• Data in this exercise:
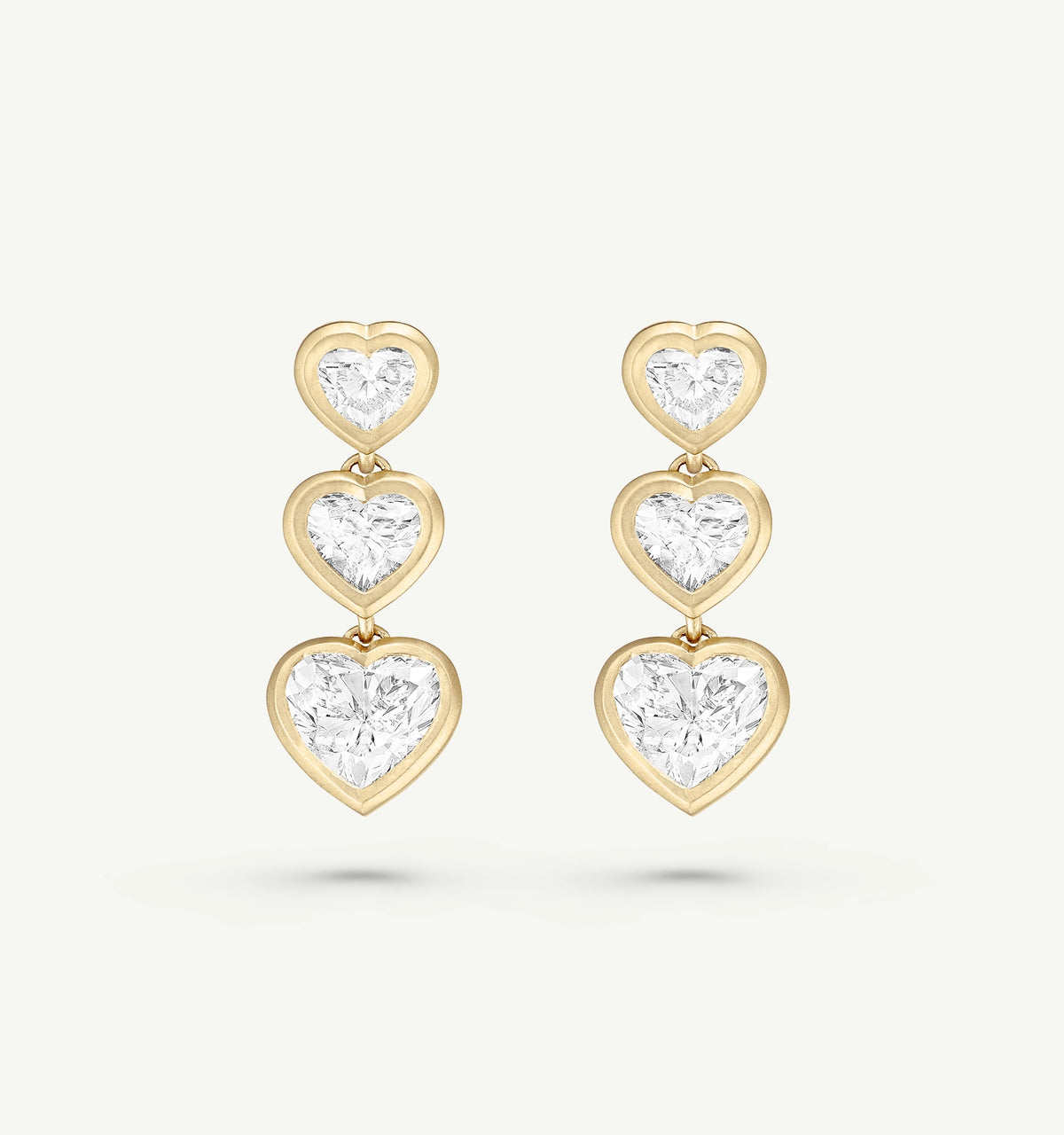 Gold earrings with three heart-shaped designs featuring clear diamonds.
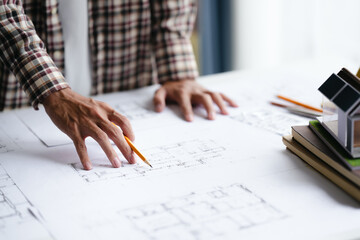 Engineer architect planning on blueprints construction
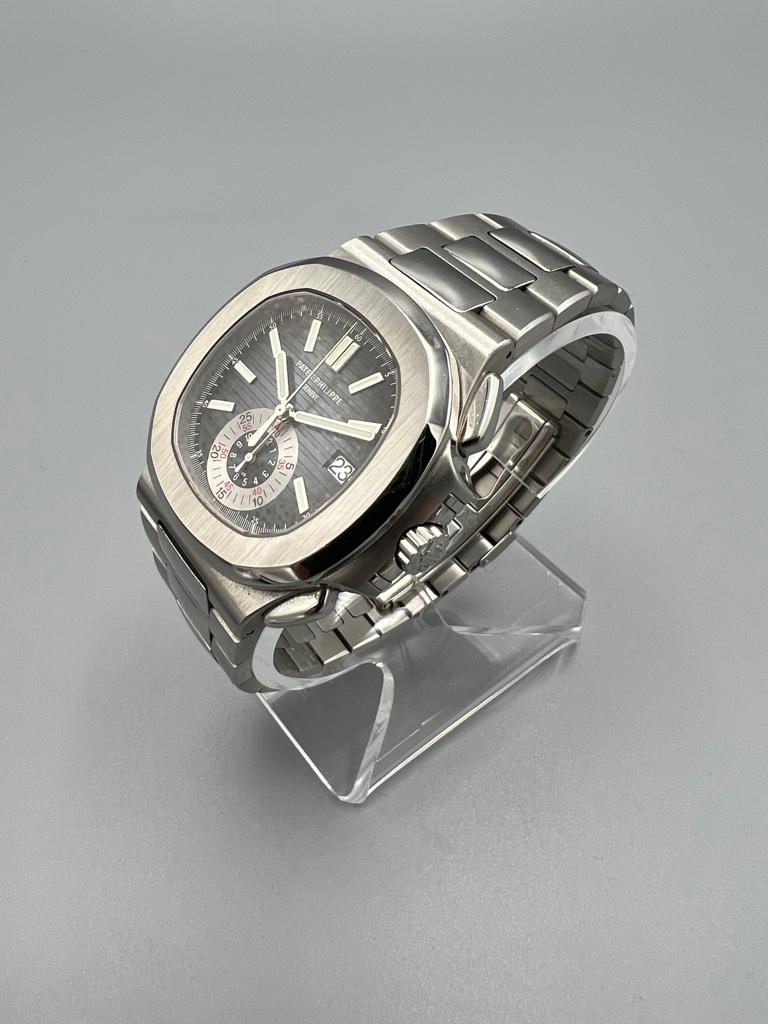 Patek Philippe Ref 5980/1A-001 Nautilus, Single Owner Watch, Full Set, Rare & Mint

==

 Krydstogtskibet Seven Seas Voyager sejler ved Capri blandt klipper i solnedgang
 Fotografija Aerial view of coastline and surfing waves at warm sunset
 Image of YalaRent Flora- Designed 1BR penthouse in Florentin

---

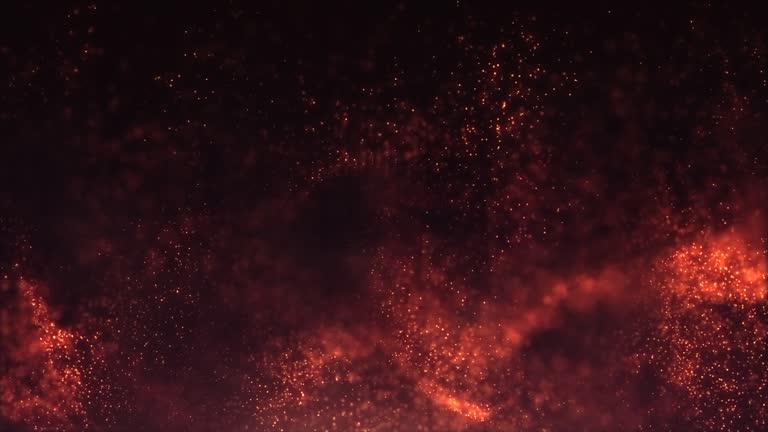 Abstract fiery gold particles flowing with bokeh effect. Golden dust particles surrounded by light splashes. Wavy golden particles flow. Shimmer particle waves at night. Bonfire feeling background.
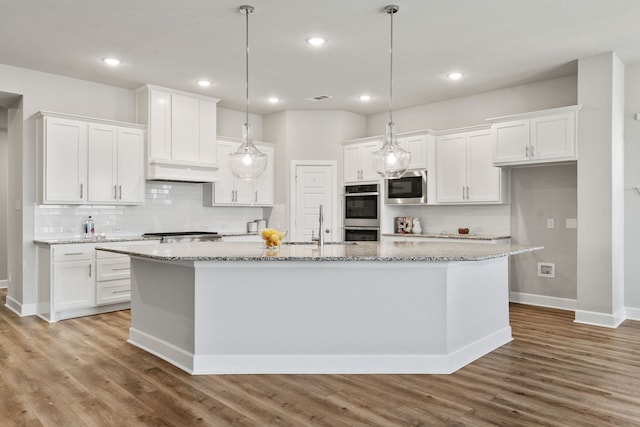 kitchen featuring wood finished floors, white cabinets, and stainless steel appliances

• Work to complete:
Within the material above, find the part that opens with the line containing "Gold earrings with" and closes with the line containing "Patek Philippe Ref", and reproduce it exactly without the pictures.

• Exercise solution:
 Gold earrings with three heart-shaped designs featuring clear diamonds.
 Engineer architect planning on blueprints construction
 Patek Philippe Ref 5980/1A-001 Nautilus, Single Owner Watch, Full Set, Rare & Mint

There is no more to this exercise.